This summer, the U.S. Supreme Court let stand the vast majority of the Affordable Care Act (ACA), the nation’s new health care law. Between March 2010, when President Obama signed the controversial law, and the court’s decision, U.S. businesses had been in a sort of suspended animation. They knew it was possible a major change in employees’ health care coverage could be down the road, but they were waiting for the court to rule on its constitutionality.
But with the court’s ruling, concrete producers and concrete contractors now know that change is heading their way, as most of the program is to be implemented by 2014.
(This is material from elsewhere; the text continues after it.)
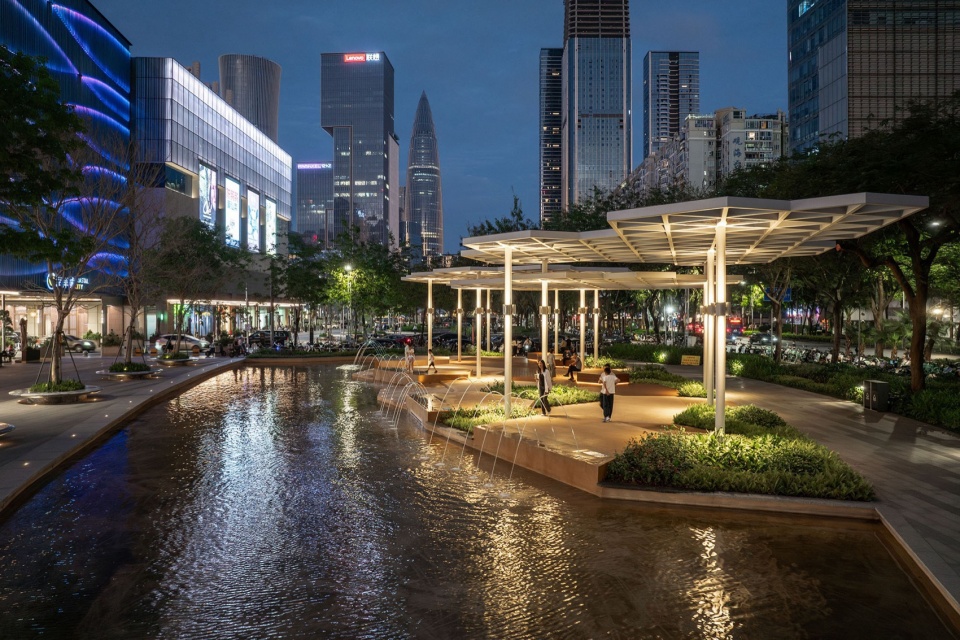 Public Water Pool Renovation in Shenzhen Nanshan Commercial and Cultural Center District by eLandscript Studio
Whether producers and contractors agree or disagree on the law’s merits, it’s now time to prepare for the change and to inform employees.
Thoughts and views
“From our employees’ standpoint, it really won’t make much of a difference because we have a really good health care plan in place,” says Sherri Casilio, president and chief financial officer at Four Winds Concrete, a producer in Bethlehem, Pa. Employees whose spouse or children are not on the company’s coverage will be impacted the most. “That is going to be huge. It is going to severely impact their standard of living.” Casilio met recently with U.S. Sen. Pat Toomey (R-Pa.) to express her concern about the law.
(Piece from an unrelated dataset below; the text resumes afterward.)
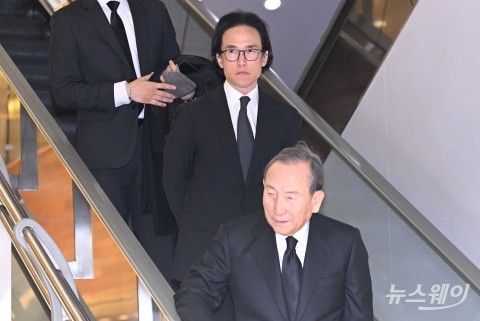 조현범 한국앤컴퍼니 회장, '큰아버지' 조석래 추모···"편히 쉬시길"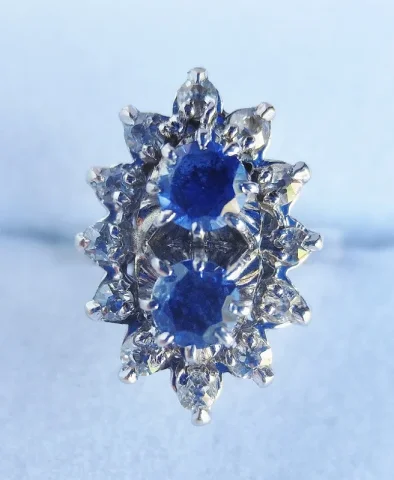 Saphirs et diamants.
For Sundt Construction, a general contractor in Tempe, Ariz., the only thing that may affect its employees is the exchange program. The exchange program will begin in 2014 and allow small businesses (generally those with 100 employees or less) to compare health plans, get answers to questions, and find out if they can apply for tax credits.
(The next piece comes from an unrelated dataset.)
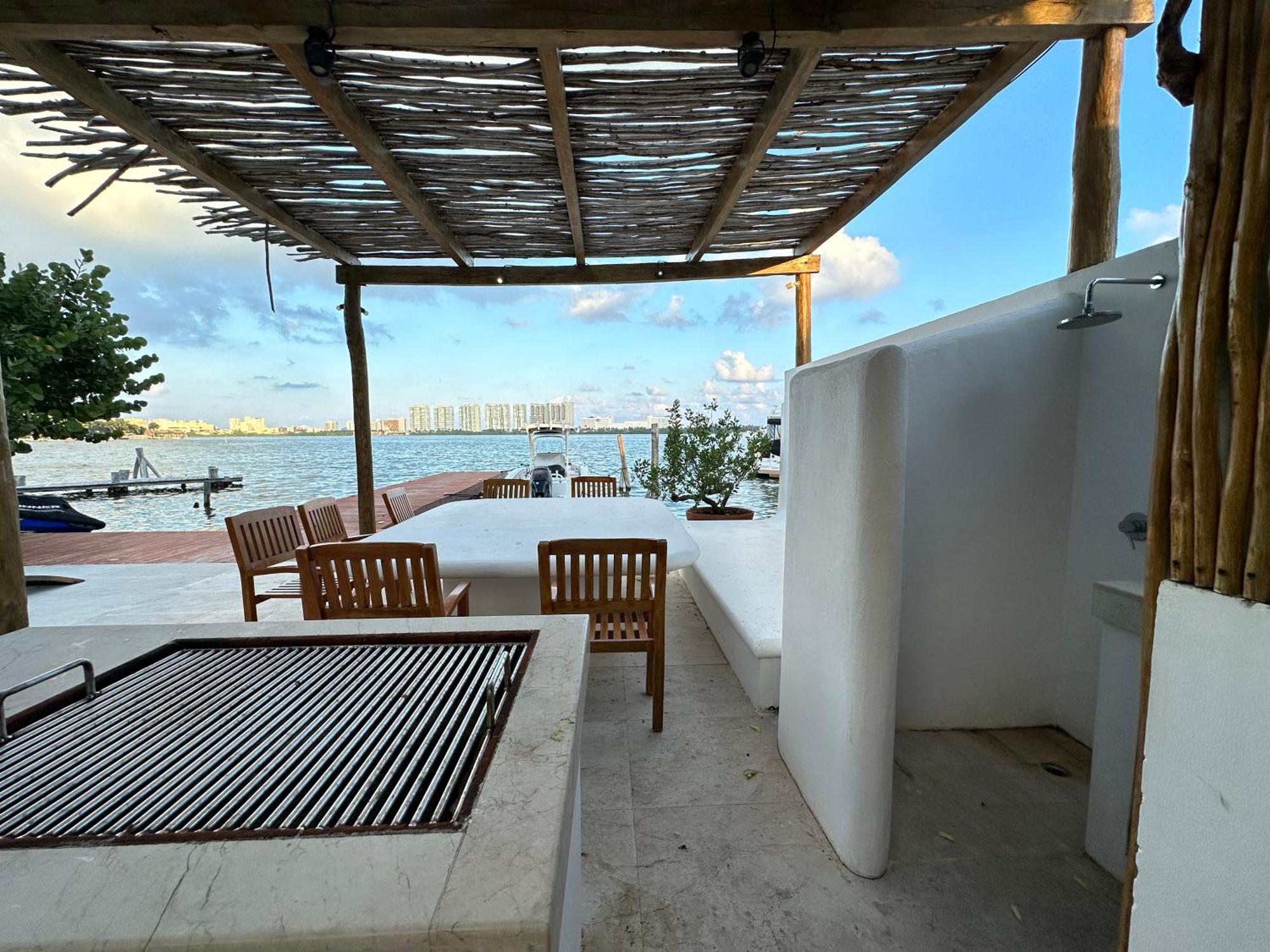 4br Lakefront With Private Pool By Solmar Villa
“The Exchange is a way to level the playing field, where you have better choice of plans and insurers at a lower cost, the way larger employers do now,” according to the healthcare.gov website.
Custom Concrete, a contractor in Westfield, Ind., has only discussed the plan among its management team so far, says owner Doug Staebler. He believes the coverage they have now will be sufficient, but if needed, any changes will most likely take place in 2014. Staebler believes the coming changes will be a disincentive for hiring, as well as making the playing field unequal.
The Small Business Majority, a small business owner advocacy group, disagrees. Rhett Buttle, director of National Outreach and Government Affairs for the group, says the 80/20 provision will save costs. “Eighty percent of premium dollars must be used on health care,” he says. “Money is actually going to healthcare. Insurers are required to send rebates if they do not meet this requirement. This means the money will be going to healthcare and not salaries [of the insurers].”
The National Federation of Independent Businesses, another small business owner association, does not endorse the bill. “‘This day will go down in history as the day when Americans lost a part of their freedom—the freedom to choose what they want to buy with their own money,” Karen Harned, executive director of the federation’s Small Business Legal Center,” said a statement on its website.
Know the facts
But as Buttle says, “Whether you hate it or like, it’s coming. So you need to be educated about it.” Here are the facts so far:
- If you have 25 or fewer employees, pay average annual wages below $50,000, and provide health insurance, you could qualify for a small business tax credit of up to 35 percent to offset insurance costs.
- Starting in 2014, the small business tax credit goes up to 50 percent for qualifying businesses.
- Employers that provide health insurance to retirees ages 55-64 can get financial help through the Early Retiree Reinsurance Program.
- In 2014, small businesses with fewer than 100 employees can shop in an Affordable Insurance Exchange, whose aim is to give small businesses power similar to large businesses to get better policies and lower prices. An exchange is like a marketplace for small businesses and individuals to get affordable health benefits. Starting in 2014 members of Congress will be getting their insurance through exchanges.
- If a worker has been uninsured because of a pre-existing condition, he or she may be eligible to join the Pre-Existing Condition Insurance Plan.
- Certain preventative services will be covered without copay.
- Insurance companies are prohibited from capping the dollar amount of care you or your workers can receive in a lifetime, or dropping coverage due to a mistake on your application when you get sick.